The answer must be every line below that contains the string "Village".

### Supplied information
•••••

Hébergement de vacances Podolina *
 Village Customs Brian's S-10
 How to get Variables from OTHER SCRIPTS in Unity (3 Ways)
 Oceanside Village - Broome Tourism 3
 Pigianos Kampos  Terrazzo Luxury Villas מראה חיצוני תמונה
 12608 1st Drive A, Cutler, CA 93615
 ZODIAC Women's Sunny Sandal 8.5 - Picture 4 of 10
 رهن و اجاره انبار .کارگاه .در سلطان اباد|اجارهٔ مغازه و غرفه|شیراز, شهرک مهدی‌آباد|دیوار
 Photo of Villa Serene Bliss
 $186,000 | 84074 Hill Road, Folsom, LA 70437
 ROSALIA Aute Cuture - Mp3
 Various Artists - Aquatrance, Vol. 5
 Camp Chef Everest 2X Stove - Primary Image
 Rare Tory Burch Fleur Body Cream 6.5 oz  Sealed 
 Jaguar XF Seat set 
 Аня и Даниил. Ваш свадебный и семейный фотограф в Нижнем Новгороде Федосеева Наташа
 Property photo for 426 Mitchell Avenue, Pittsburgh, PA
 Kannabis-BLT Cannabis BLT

•••••

### Expected answer
 Village Customs Brian's S-10
 Oceanside Village - Broome Tourism 3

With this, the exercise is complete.